As much as we try to avoid it, at one point or another, we’ve all had some form of injury. The type, location, severity, cause, and duration all may differ, but one thing remains the same: any form of injury always leaves behind some trauma.
This trauma leaves us prone to reinjury risk. Studies have shown hamstring strain reinjury rates to be around 34%, ACL- 70%, ankle sprain- 75%, and shoulder injuries- 87%. YIKES. Those aren’t great numbers if you want to stay healthy.
Studies have also found the risk of reinjury is significantly higher in younger patients (the rate of reinjury being 72% for those under 23 years old as opposed to 27% for those over 30 years old).
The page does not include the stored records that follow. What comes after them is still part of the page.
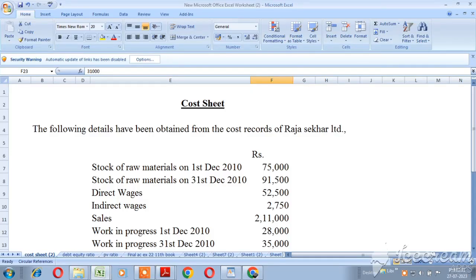Hello viewers! In this video, we will be able to prepare a cost sheet. I will show you a great video and explain the format. It will be a link in the description. In this video, we will learn how to prepare a cost sheet.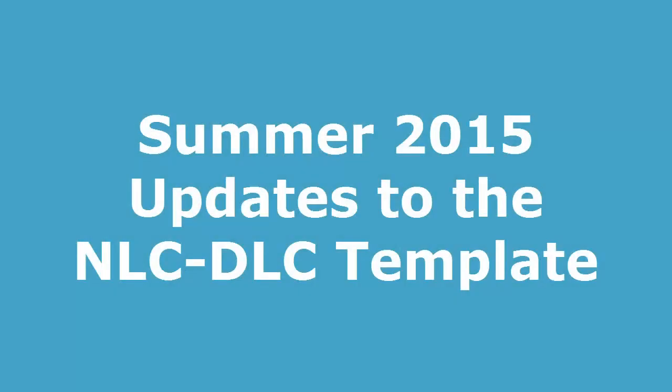Happy April, Distance Learning faculty! This is Leah in the Distance Learning and Instructional Innovation Center. I just wanted to make a quick screen video of the updates that we made to the NLC-DLC template for summer 2015 online courses.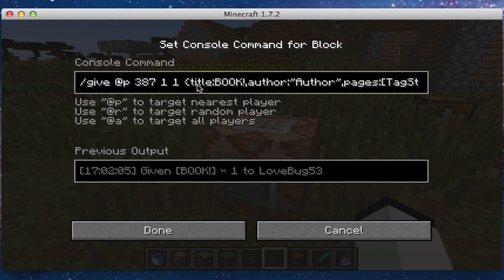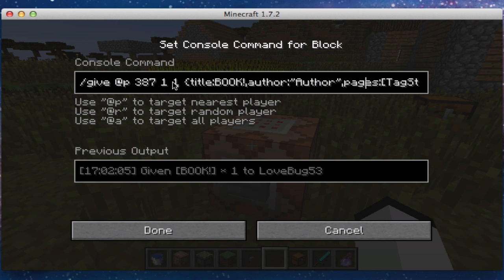So let me just start off with title and author, and then I'll get to that. We're going to do the standard slash give, and then 387, which is written book, one for the amount, and then do curly brackets. Title — make sure there's no capitals in 'title' — and then you can put your title, whatever you want it to be.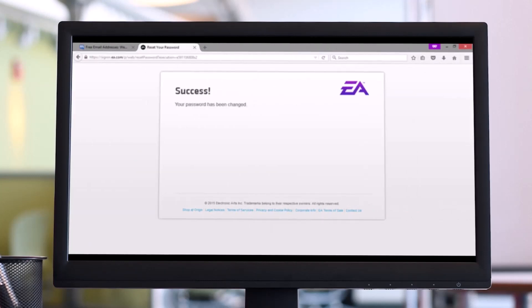A new window will open letting you know that you have successfully changed your password. Now you can use this new password to access EA services as normal. That's all it takes to reset your EA account password.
That doesn’t seem like great news for the younger athletes out there.
Regardless if your injury was from muscle ups or sneezing too hard (yeah, it happens), the injury site will always be slightly different afterwards.
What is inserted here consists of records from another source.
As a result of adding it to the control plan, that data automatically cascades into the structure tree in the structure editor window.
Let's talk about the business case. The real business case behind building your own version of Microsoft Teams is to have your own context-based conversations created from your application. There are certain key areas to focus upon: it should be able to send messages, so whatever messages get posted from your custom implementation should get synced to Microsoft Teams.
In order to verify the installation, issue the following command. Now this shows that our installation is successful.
Healing the injury correctly is important, but it’s also important to stay mindful of the injury long after it’s healed. This means regular mobility and corrective work.
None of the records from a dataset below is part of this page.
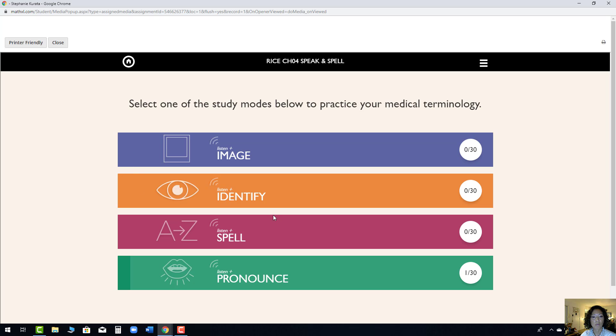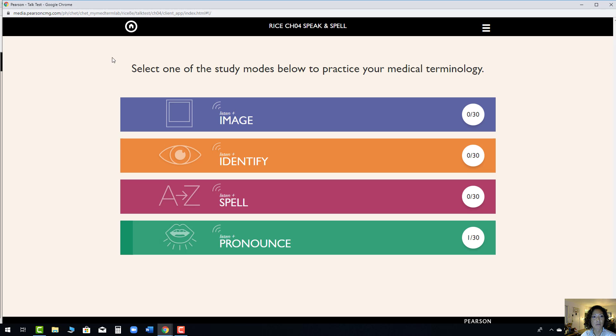When you click on any one of these assignments, especially the Listen and Pronounce, you need to click on Printer Friendly and it'll pop up a new screen and then the microphone connection will work.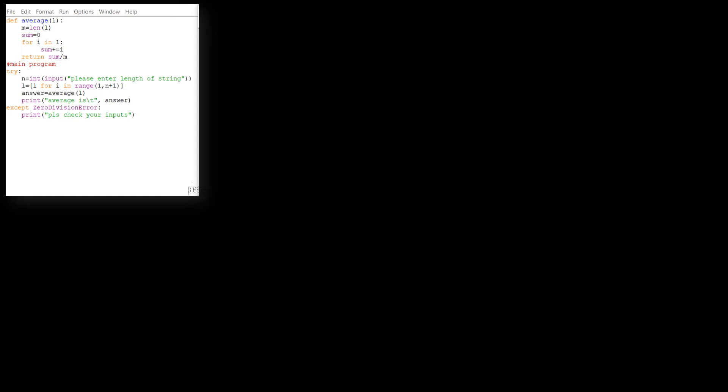Have a look at this program — it is finding the average of a list of numbers. I find the length of the list in variable m, initialize a variable sum as zero, then with a for loop iterating the list, I calculate the sum of all elements. Finally, I return sum divided by m, which gives the average of the numbers in the list.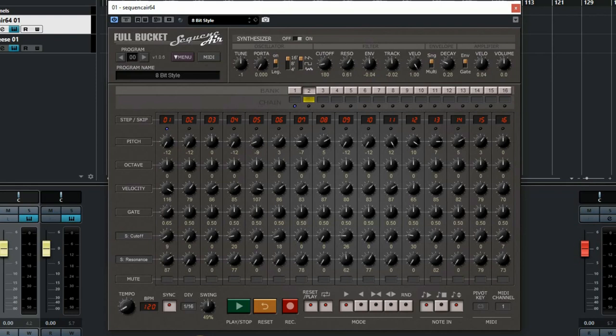Yes, besides the sound of this small synthesizer you can also send your Sequence Air information to any other synthesizer plugin. But for now let's stick to this plugin and see what it can do. Let's first listen to some of the pre-programmed tracks and then check out how you can make them yourself.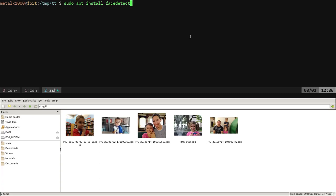Hello and welcome. Today we're going to be looking at a program called FaceDetect, which is probably in your repositories. I'm running Debian SID here and it's in my repositories.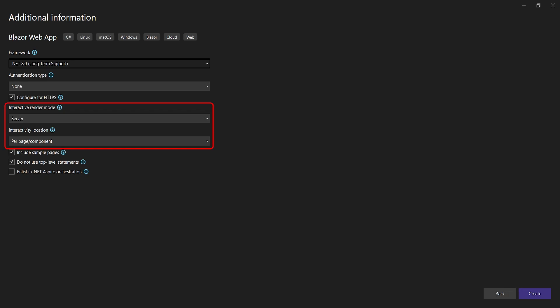Create a Blazor web app, and for interactive render mode, select Server. For the interactivity location, select Per Page or Component.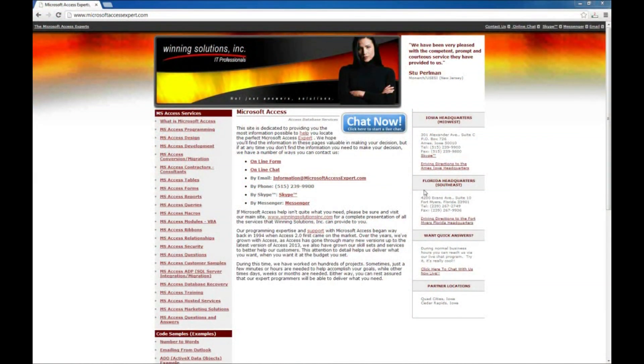Hello, Brian Myers with Winning Solutions, Inc. with another Access Expert tutorial for you today.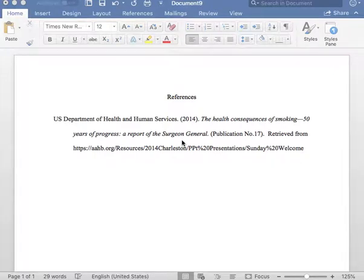Thank you for tuning in to the Noonan Writing Center YouTube channel. I will be going over how to complete a reference entry for a government report in APA format.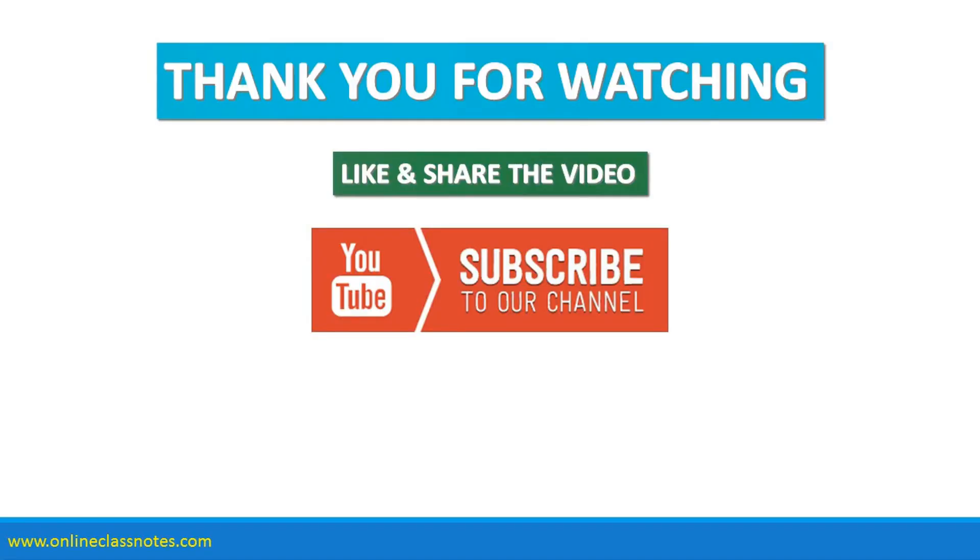Thank you very much for watching the video. Like and share the video if you have liked it, and also subscribe to our channel so that you get all the latest videos as soon as they are uploaded. Thanks again.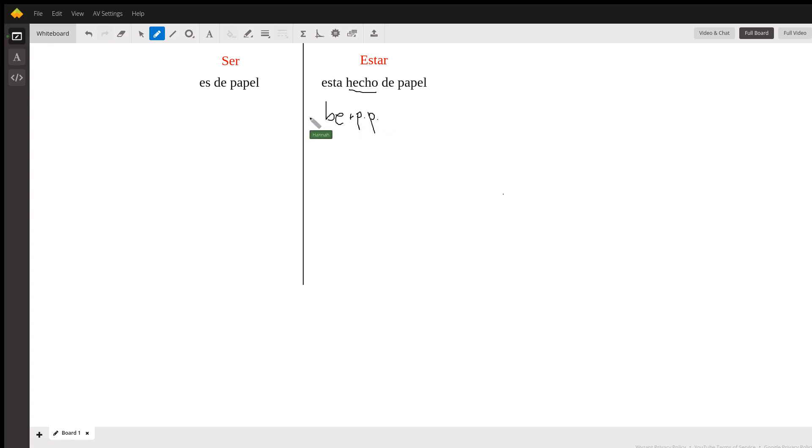So the present form of 'to be' and the past participle—in English you would say 'is made of paper,' 'is made.'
Don’t get me wrong, I can’t promise your injuries will not return…But I will say this will help your chances to reduce that risk, though.
Injuries change the way our bodies work and move, even if you don’t realize it. Trauma to the body leaves behind scar tissue which can cause both pain and/ or lack of mobility which leads our bodies to compensate for this change. You can even subconsciously favor one side over the other. Over time, this can lead to recurrence of injury, pain, imbalances, or even cause new injuries.
Mobility work can help to prevent your single injury from becoming a recurring problem.
While we’re healing an injury, say a torn muscle, we spend a lot of time stretching it, massaging it, icing it, etc. But once it’s healed, we forget about and move on a couple weeks later, disregarding a very important aspect of healing: maintenance.
Failure to maintain a healthy joint, ligament, muscle, etc. can allow for the problem to happen again and again… and the more it happens, the denser the scar tissue build up becomes.
To keep stretching and properly mobilizing a formerly injured body part is such a simple concept, but often ignored.
If you’re an athlete, remaining mindful of past injuries is especially essential. If you intend to stay competitive in your sport long-term, you’ll need to ensure they have as little chance of recurring as possible.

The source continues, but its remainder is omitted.